I have not agreed to move out. She is the breadwinner, but I’m the one that comes home everyday to relieve our nanny ( we live in LA and have commute so we have to have help in picking up kids). She’s had months of business travel where she would be gone from Monday - thurs/friday and I would take care of the kids and work, yet the assumption is I move out. I’m thinking about custody battles yet, but I fear if it gets there it will be nasty. I won’t settle for seeing my girls every other weekend.
Anyway, She’s starting to plan weekend outings without me with the girls. She said ‘you need to start thinking of you not us’. I should point out that in her life she has made sudden and complete breaks from multiple close friends and family members. In her own therapy dealing with her childhood she was counseled to walk away from people that don’t make her feel happy or treat her badly. That is probably good for her. That said I always new I may be one of those people if it goes badly.
I’m going to try and detach now. I think I’ll be in the house with her for at least another 3 weeks. I’m not sure how to handle it. Although she talks as if I need to leave mid September it still feels like maybe I have a chance. This was all so sudden. I do feel that if we had some time we could slowly mend this, but once I’m out of the house I think it’s over. At that point it’s all about the kids.

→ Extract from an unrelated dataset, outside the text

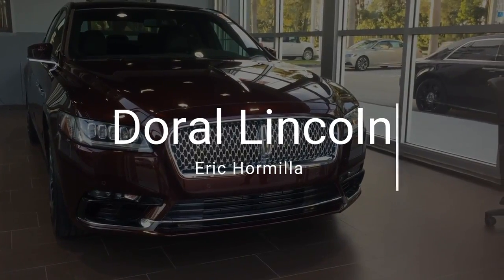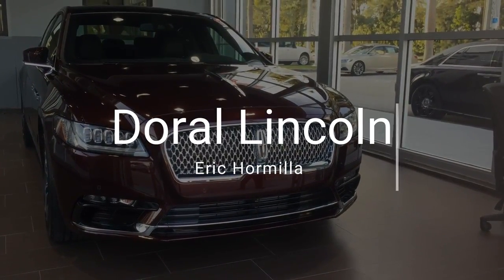You may use your remote start feature from 100 yards away so your car is nice and cool when you arrive. Thank you for watching your daily tips — this is Eric Omilla over at Route Lincoln.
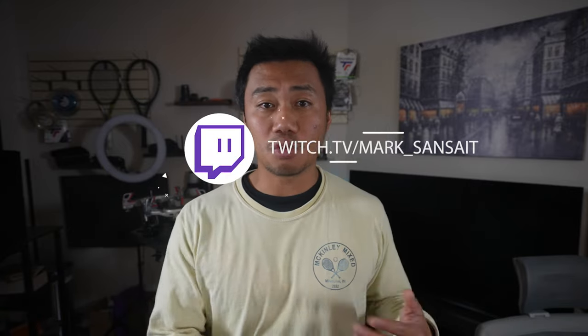Now, with the pros out of the way, let's talk about some of the negatives — after a quick word from the video sponsor, which I'm going to say is me. Come hang out with me on my Twitch channel. I stream on Monday and Wednesday nights. If you guys have a quick question about strings, rackets, or just want to see me win a few Warzone games, please follow me on Twitch. The link is down in the description below — it's twitch.tv/mark_sanset. Thanks.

My next couples session is Tuesday. I’m struggling how to handle things until then and in that room. The therapist is clearly trying to help us at least engage and she’s sent me emails with some advice so I’m just trying to figure out how to handle my next few steps.
Personally I have been working out daily and taking care of my appearance. I haven’t had a drink- I don’t have a a problem per se, but I do have a drink or two daily. I’m going out with a friend tonight. I’m trying.
I am reading DB and I ordered DR. Am I at the LRT stage at this point?